Exercise
Retype, exactly and completely, the listing that comes next, skipping its images.

== Data provided

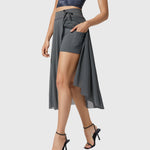 Blandine | Chic Dual-Style Skirt – view 32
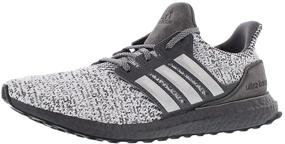 img 4 attached to 👟 Adidas Ultraboost Metallic Heather Running Shoe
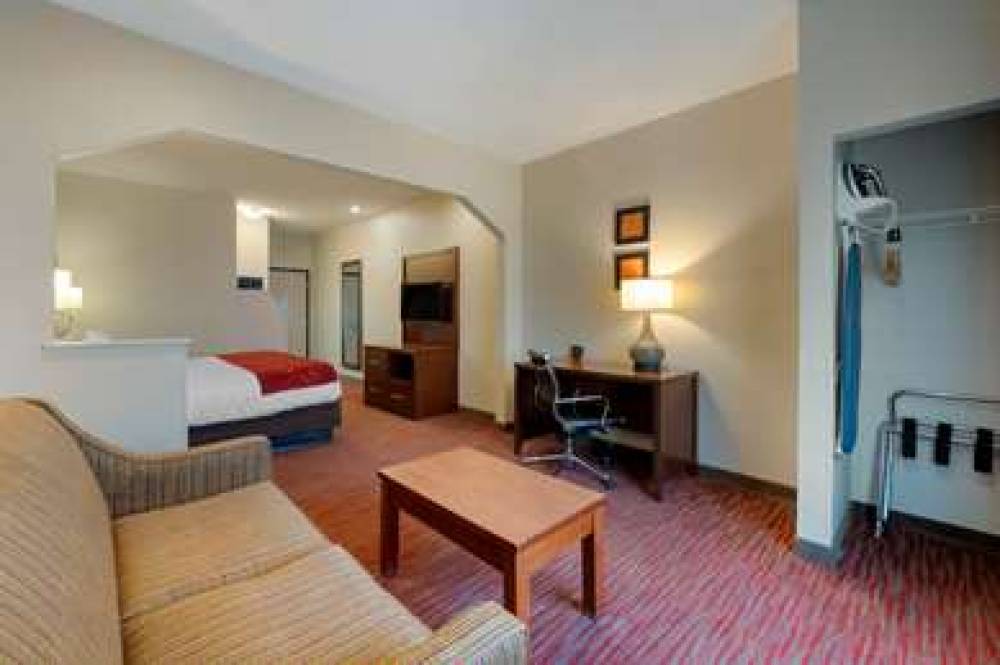 Comfort Suites Columbus 7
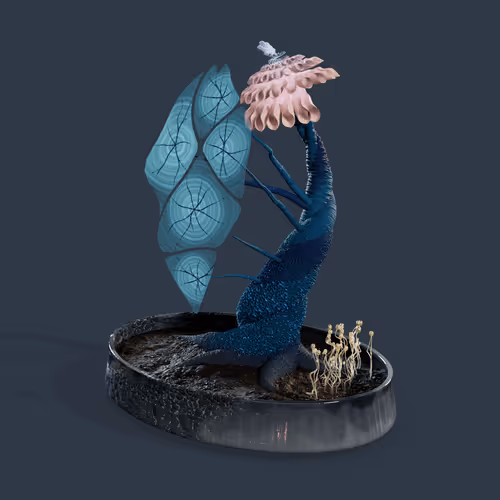 Evolvingforest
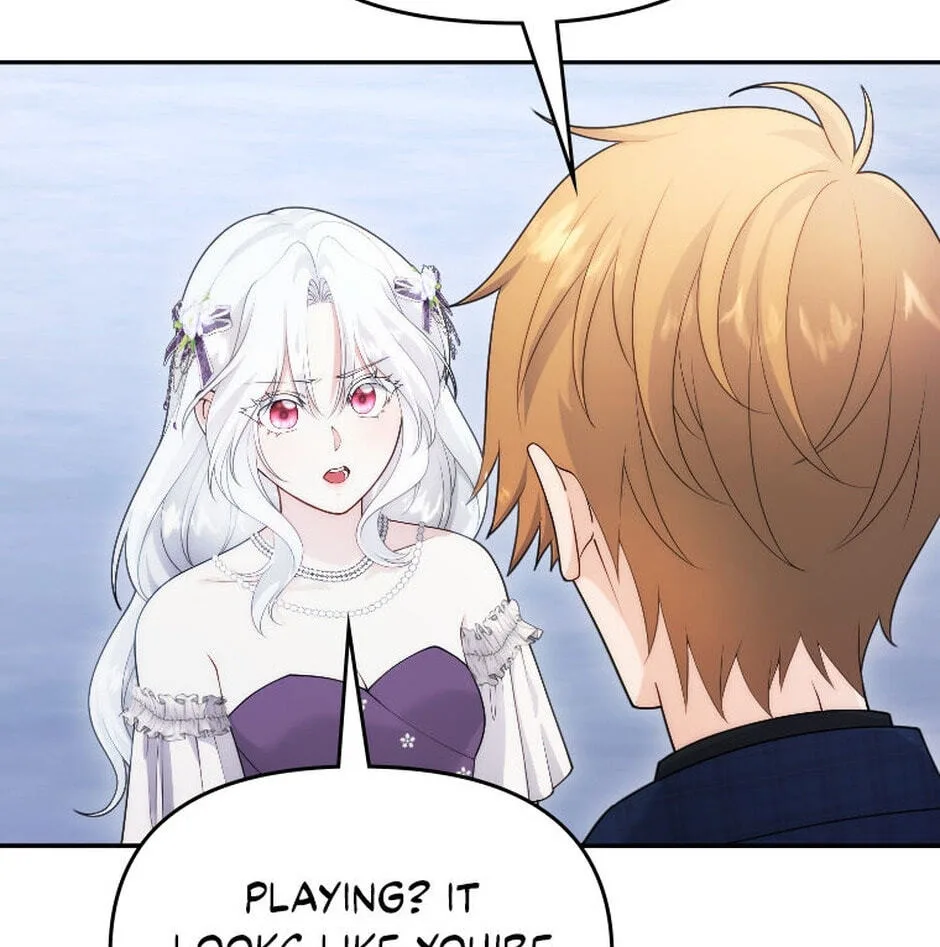 Setting Reset as the Duke's Daughter Chapter 21 page 33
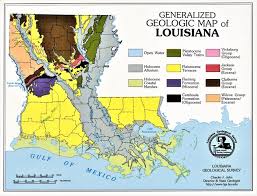 The total area of louisiana includes about 4,600 square miles (12,000 square km) of inland waters. Louisiana Usa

====

Solution to this exercise
 Blandine | Chic Dual-Style Skirt – view 32
 img 4 attached to 👟 Adidas Ultraboost Metallic Heather Running Shoe
 Comfort Suites Columbus 7
 Evolvingforest
 Setting Reset as the Duke's Daughter Chapter 21 page 33
 The total area of louisiana includes about 4,600 square miles (12,000 square km) of inland waters. Louisiana Usa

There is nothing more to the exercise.